On the other hand, it also helps to think about how being in debt makes you feel. For some people, the thought of having credit cards hanging over their heads is enough to cause plenty of sleepless nights. Wiping it out at one go can bring a much-needed sense of relief that surpasses any misgivings you might have about being temporarily cash-poor.
Break Down the Interest
Interest rates on savings accounts are pretty dismal these days, although you may be able to get better return by opening a high-yield account online. Earning even a small amount of interest is better than nothing but the odds are good that the amount of interest you're paying to the credit card company is much higher. Calculating how much the debt is actually costing you offers a sobering perspective on the situation.

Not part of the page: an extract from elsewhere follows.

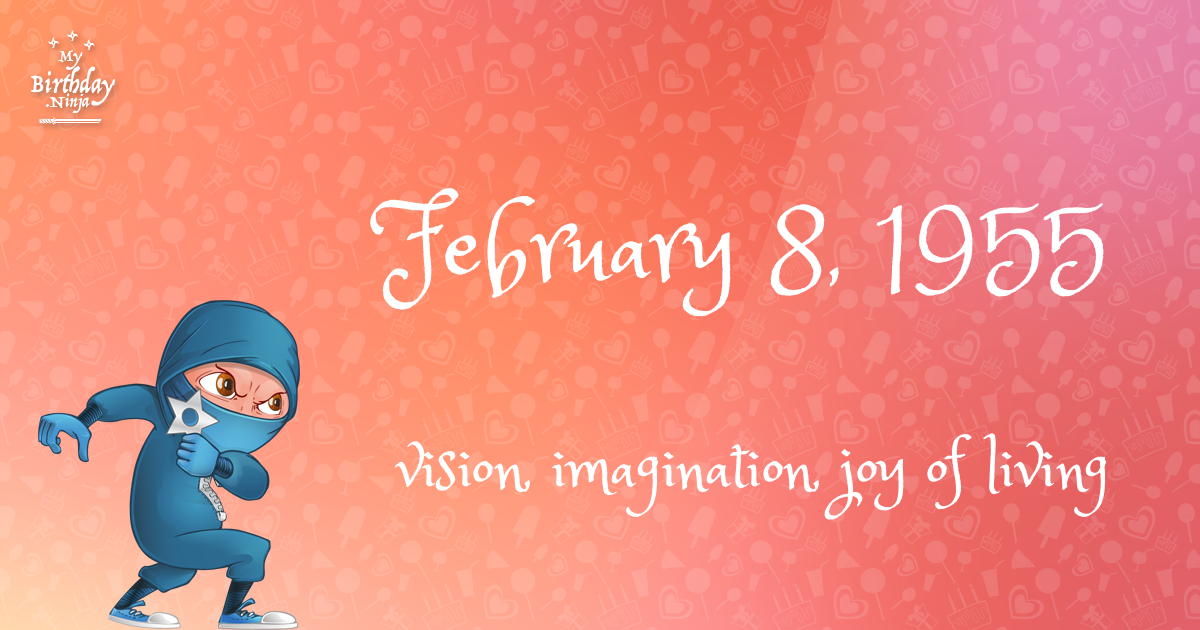 February 8, 1955 Birthday Ninja Poster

Let's say, for example, that you owe $5,000 to a credit card with an interest rate of 10 percent, which is fairly modest as far as rates go. If you pay $200 a month towards the debt, it would take you almost 2 1/2 years to bring the balance to zero and you'd pay over $600 in interest. Now, let's say you have that same $5,000 in a savings account earning an interest rate of 1 percent. Over that same time frame, you'd earn roughly $100 in interest. When you look at it that way, it's easy to see how much you'd be saving by just paying off the debt. Take a look at the chart below. It will help explain the percentage of monthly credit card payments toward interest.
Rebuild Your Reserves
Another thing you should think about before you use savings to pay off credit card debt is how long it would take for you to replenish your account. If you're paying out several hundred dollars a month just for the minimums, freeing up that money should make bulking up your savings again a much faster process.

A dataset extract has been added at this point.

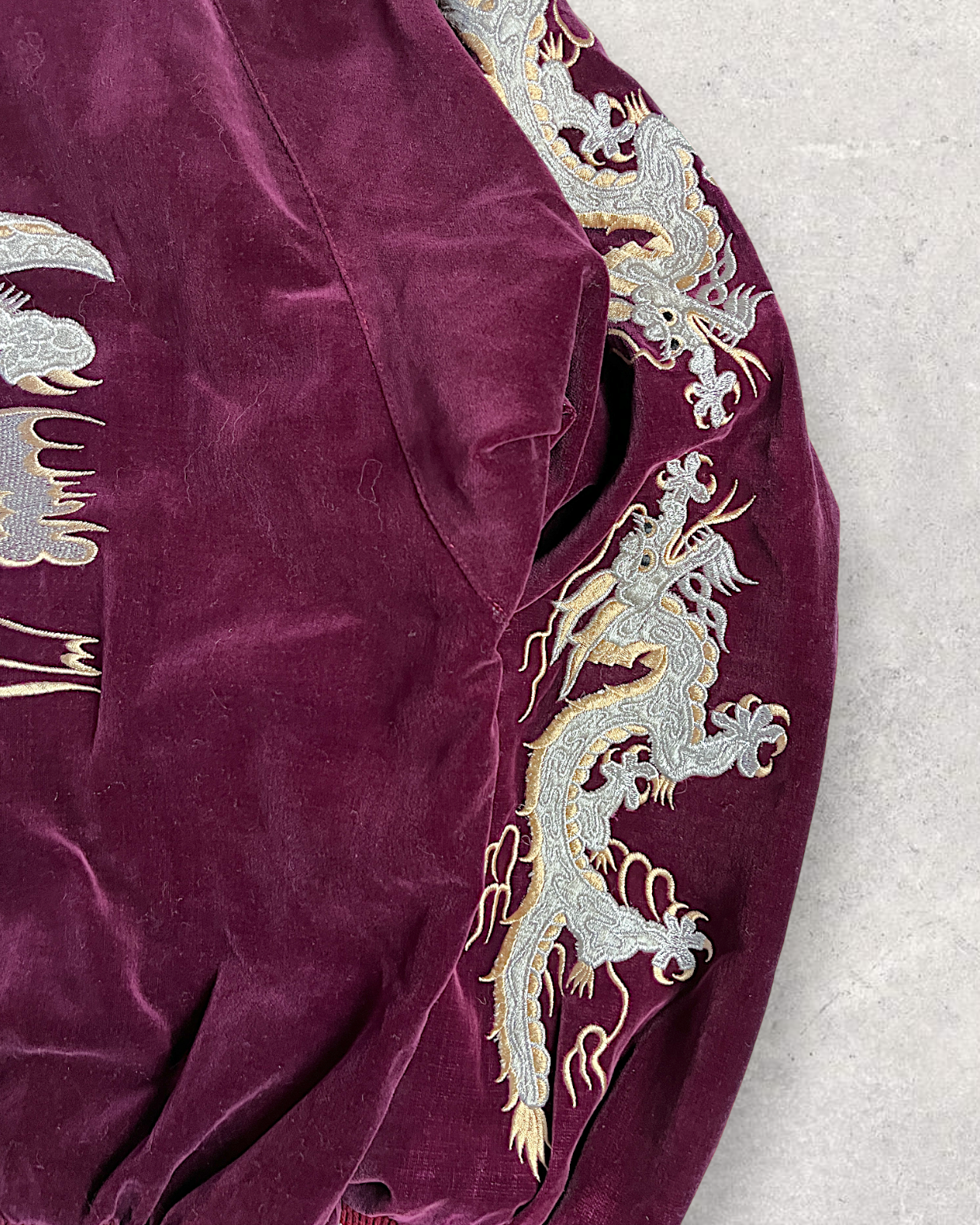 【L】Velour Dragon Sukajan Jacket – Wine Red Embroidered Yokosuka Japanese Bomber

It's also wise to consider your income situation. If you're expecting it to go up in the near future, that's a big bonus, as far your savings go. On the other hand, if it took you a while to build up your account based on what you're currently making and paying off the debt wouldn't put a ton of extra money back in your budget, you may be better off taking a different approach.
Alternative Ways of Paying off That Debt
If you need some breathing room but you're not quite ready to part with a big chunk of your savings, there are some ways to make paying down the debt a little less expensive. Transferring your balances to a card with a zero percent interest rate, for example, can help you make a bigger dent in what you owe. Just be sure that you read the fine print so you know how long the introductory rate lasts before the regular APR kicks in.
Another option is to simply step up your payoff efforts by throwing every extra penny available at the debt. Selling things you no longer use, picking up a part-time job or starting a side hustle are all ways to bring in a few more dollars that you can use to chip away at your balance.
When You Shouldn't Use Your Savings
There are some situations where it's actually not to your advantage to use savings to pay off credit card debt. For instance, if you don't have a decent emergency fund in place, then using what cash you do have can actually work against you. If an unexpected expense pops up, your only choice may be to use a credit card to cover it and you're once again back in debt with nothing in the bank.
Paying off debts over time versus a lump sum also makes sense if you're self-employed or freelance and your income fluctuates from month to month or you're worried about how stable your job is. Being debt free is a great feeling but it can easily be overshadowed if you suddenly find yourself scrambling to make ends meet because you got laid off or lost your biggest client.
In the end, finding a way to strike a balance between saving money and paying down debt is be the best solution. Trying to do both at the same time may mean that you're not making progress as quickly as you'd like but you're also not having to sacrifice either of your goals.